“One day, I respond to his physical abuse. I feel that we are going to kill each other”

First day

Angèle is my longtime girlfriend. After passing the baccalaureate in Cannes, we moved to Paris for our studies. We are staying in a large apartment lent by his uncle in the Grands Boulevards district. We are not very loyal but remain very close friends. Together, we took acting lessons in a private establishment until I succeeded, a year later, in the competition for a more highly rated school. She just misses it. For the first time since we’ve been living together, I join a group she doesn’t belong to.
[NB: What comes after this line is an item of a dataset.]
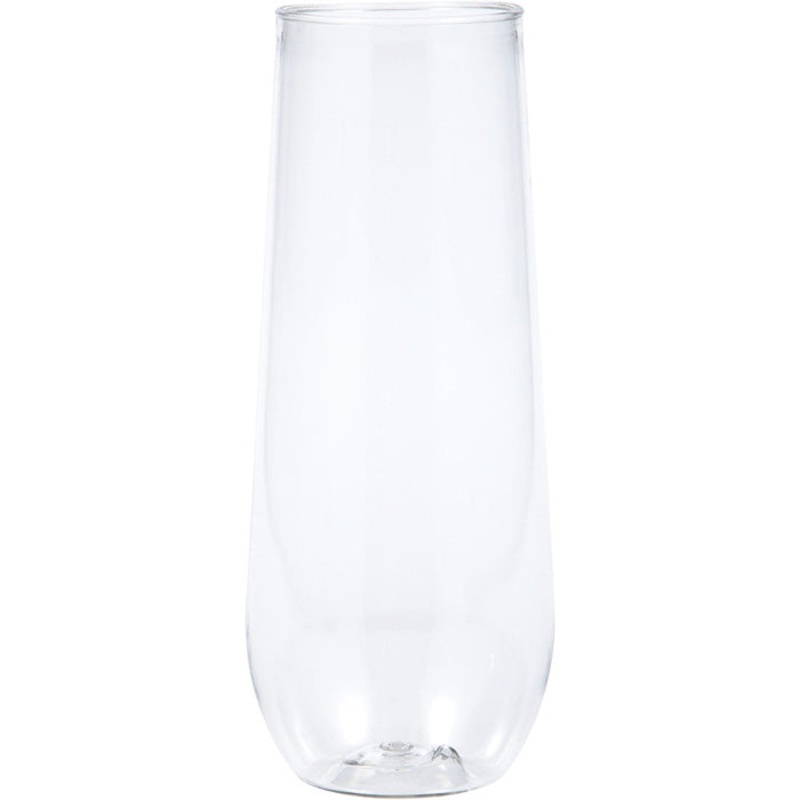 24 pc Bulk Clear 9 oz Plastic Stemless Champagne Flutes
I’m about to be 20, I want to live experiences, I’m looking for thrills and I’m open to encounters.

In this new course, I notice Amandine who always expresses herself precisely on specific and demanding subjects. His speeches are flamboyant. At ease in her thoughts, she exudes a form of omnipotence and seems to despise everyone, except two or three people, including myself. French by her mother and Malian by her father, she carries with her a heritage which, in my eyes, is unknown, which adds to my interest. I have the feeling that her whole being is political and basically asks one and the same question: how to exist as a black woman? A feeling of rage wells up inside her. I see it as a volcano which at any moment can kill me.

I suggest that he work on the first scene of The dispute (1744), by Marivaux. It is a romantic encounter between two young people, Azor and Eglé, who discover for the first time a person of the opposite sex. Their relationship is very animal. At first, Eglé sees a stream reflecting her image and she finds herself beautiful. Surprised to see her, Azor hides in a bush to observe her. Fascinated, he wants to come towards her but he is afraid. Finally, they get closer until they look at each other, hear each other’s voices, touch each other, kiss each other…

“I pretend to pretend that I like her when in reality I like her. You never innocently pretend to pretend in life”

The plot merges with our budding relationship: as we explore the other through the poetics of Marivaux, our attraction grows. Over the course of the rehearsals, we begin to go further and further into Azor and Eglé’s kiss until we put our tongues out. Are we kissing for real or for fake? We do “pretending to pretend”to use Marivaux’s formula in Good Faith Actors (1748). I pretend to pretend that I like her when in reality I like her. If you think about it, you never innocently pretend to pretend in life. I don’t talk to Angèle about it, I’m not yet ready to leave our cocoon and our memories, I think she knows but she lets me live my experiences.